Christopher Columbus

Christopher Columbus, the Italian explorer and discoverer of the New World, had many connections with the Canary Islands.

In August 1492, Columbus set sail from southern Spain to find a western route to the Indies, and also to prove the world was round, as many Catholic Theologians at the time were still insisting it was flat.
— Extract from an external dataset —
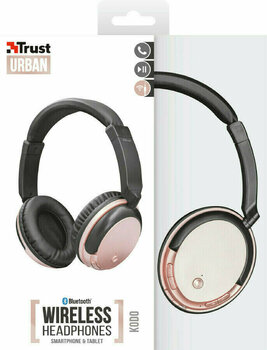 Безжични On-ear слушалки Trust 22453 Kodo Rose Gold - 2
Most educated Europeans however, had realised the world was in fact round since Aristotle’s work in the 4th century.

He first sailed to the Canary Islands, stopping at San Sebastian on La Gomera for provisions before setting out on the five week voyage across the Atlantic, where he discovered the Americas.
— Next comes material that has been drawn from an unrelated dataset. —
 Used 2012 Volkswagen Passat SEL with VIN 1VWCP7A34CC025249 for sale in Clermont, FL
Columbus also came here to visit Beatriz de Bobadilla, who had been a mistress of king Ferdinand of Spain, with whom he had a romance and stopped here on his first three transatlantic voyages.
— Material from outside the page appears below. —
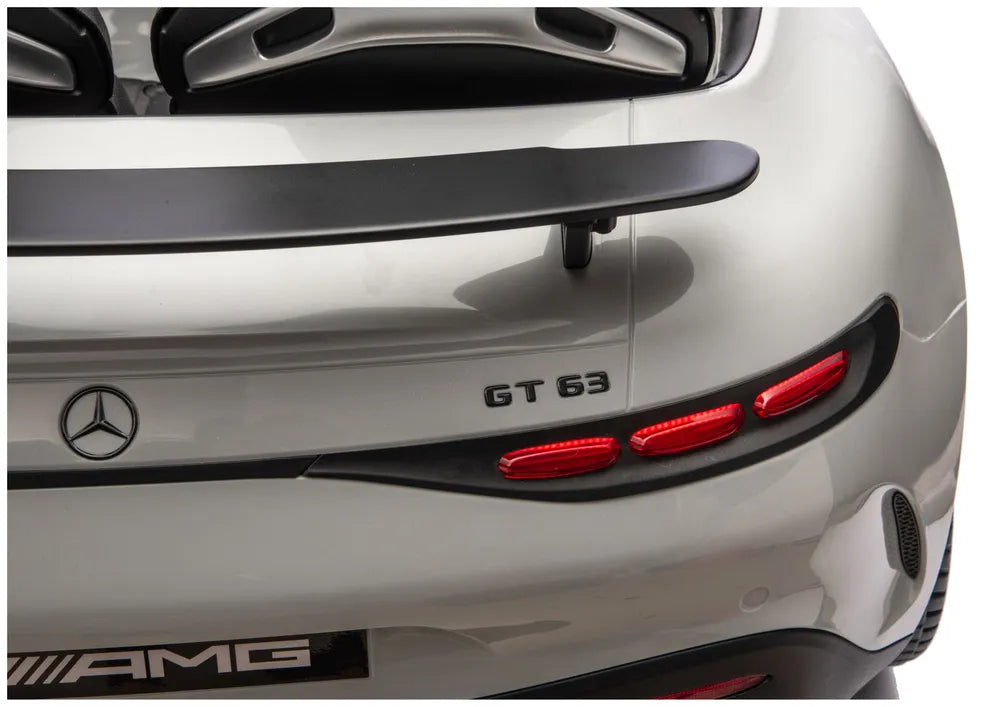 Akumuliatorinis automobilis Mercedes AMG DK-GT63 24V šviesiai pilkas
By the time of his fourth voyage Beatriz had married one of the islands most powerful men, so he wisely gave La Gomera a miss.

Columbus reportedly witnessed the volcano Mount Teide erupting on the island of Tenerife on his first voyage across the Atlantic in 1492, where he saw "a great fire in the Orotava Valley". It is apparent from carbon dating there was no eruption that year in the Orotava Valley, but there was from the Boca Cangrejo vent on the Santiago rift.